Lijuan Zhuang; Yuzhong Shi

doi:10.62051/ijgem.v10n3.14

Authors

Lijuan Zhuang
Yuzhong Shi

DOI:

https://doi.org/10.62051/ijgem.v10n3.14

Keywords:

Social-ecological system resilience, Spatiotemporal dynamics, Obstacle factors, Qilian Mountain National Park

Abstract

Scientifically assessing social-ecological system resilience (SESR) in national parks in alpine-arid regions is crucial for to balancing ecological conservation with sustainable development. As a vital ecological security barrier and a sensitive zone for human-nature coupling in western China, the Qilian Mountain National Park (QMNP) necessitates a systematic research of its SESR trends and driver factors. Based on the social-ecological system (SES) framework, this study constructed a multi-criteria indicator system encompassing social, economic, and ecological dimensions.
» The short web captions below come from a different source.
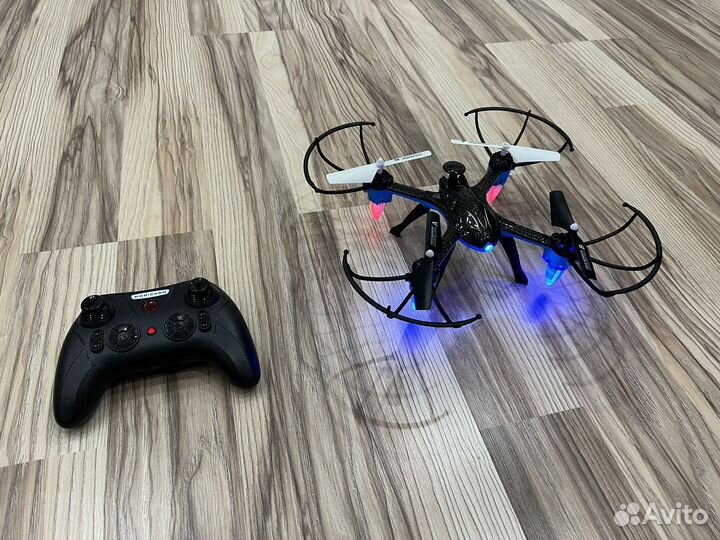 Квадрокоптер (дрон) mobicaro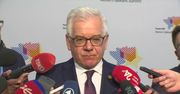 J. Czaputowicz zaprzecza, jakoby Polska poparła pośrednio przywrócenie Rosji prawa głosu w Radzie Europy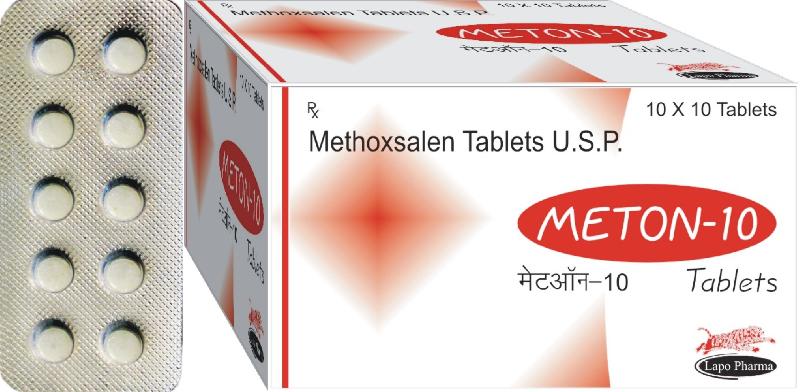 (Methoxsalen) Tablets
Employing the CRITIC method, three-dimensional Kernel Density Estimation, and the Obstacle Degree Model, we analyzed the temporal evolution, spatial differentiation, and key obstacle factors of SESR in QMNP from 2010 to 2024. The results show that: (1) The comprehensive social-ecological system resilience index (SESRI) of QMNP steadily increased from 0.3645 to 0.4308 from 2010 to 2024, exhibiting a consistent upward trajectory. (2) The spatial pattern evolved from an initially low-level homogeneity to a pronounced "high-west, low-east" differentiation, featuring a high-resilience cluster in the northwest driven and a resilience-lagging zone in the southeast con-strained."(3) Population density, per capita GDP, and net primary productivity (NPP) persisted as the core obstacle factors inhibiting the enhancement of SESR. This study provides a scientific basis and decision-making reference for hierarchical adaptive management and the optimization of sustainable development pathways for national parks in alpine and arid regions.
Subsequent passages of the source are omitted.